Full statement:
Reserve bank Governor is part of the crisis
The desperate move by the Reserve Bank of Zimbabwe Governor, John Mangudya, to try and arrest the prevailing debilitating financial crisis has all but exacerbated the situation. From the beginning, Mangudya’s mooted idea to introduce the bond notes a couple of weeks ago, has resulted in massive capital flight as this has increased uncertainty in business. As if he hasn’t learnt anything from the 2008 crisis, Mangudya is foolishly and arrogantly following the same destructive route followed by his predecessor Gideon Gono.
It is disturbing that Mangudya is failing to realise that his ill – conceived idea has not only caused panic in business but has also forced importers and remittance-senders to the black market. It is abundantly clear that the black market will worsen upon the introduction of the bond notes. Mangudya’s outline of a raft of measures, in all honesty, are only targeted at curing the symptoms and not the root cause of the liquidity crisis. It is also an absurdity for the RBZ Governor to threaten to cancel licenses of financial institutions violating his recently announced measures to curb the cash crisis.
Sadly, Mangudya mistakenly assumes a command economy would rescue Zimbabwe from the impending inevitable economic collapse by issuing senseless threats to banks and the business community. His recent pronouncement of what he termed measures in considering what essentials for preference in the utilization of the scarce US dollars is not only shockingly shallow but it is also devoid of any solid financial sense and support. It defies financial logic how a whole Governor of the Reserve Bank would not decipher that what he listed as causes are mere outcomes that are symptomatic of a hopelessly mismanaged economy.
During the MDC involvement in the short-lived inclusive government, the low levels of production cited in Mangudya’s recent statement, actually shot up to 60%. However, recent economic projections have cited production levels to be as low as 30% under the current Zanu PF’s regime. This is actually half of what was achieved during the period that the MDC was part of the inclusive government.

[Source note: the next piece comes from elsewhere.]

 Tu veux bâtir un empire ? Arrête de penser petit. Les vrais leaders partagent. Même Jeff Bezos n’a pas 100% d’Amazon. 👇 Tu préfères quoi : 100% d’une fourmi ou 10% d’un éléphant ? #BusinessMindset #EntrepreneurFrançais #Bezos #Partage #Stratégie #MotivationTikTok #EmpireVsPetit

Mangudya and his handlers in the corrupt Zanu PF regime conveniently appear to be oblivious of the fact that the current low business and consumer confidence coupled with massive cash flight from the banks, is a result of lack of trust of the corrupt Zanu PF regime by the general public and business alike.
The world over, common economic logic dictates that, any financial service system only functions on the basis of trust and if that trust is broken, such manifestation as are happening in our banking and business sector would ensue. It is disturbing that Mangudya would suddenly think that business and the general public would miraculously begin to trust the central bank given their experiences during the quasi – fiscal escapades of Gono in 2008.
Mangudya has got only one option left and that is to resign in order to preserve the little dignity if any, he is left with. Only a wholesale and complete change of government will be able to extricate Zimbabwe from the prevailing financial and socio-economic mayhem.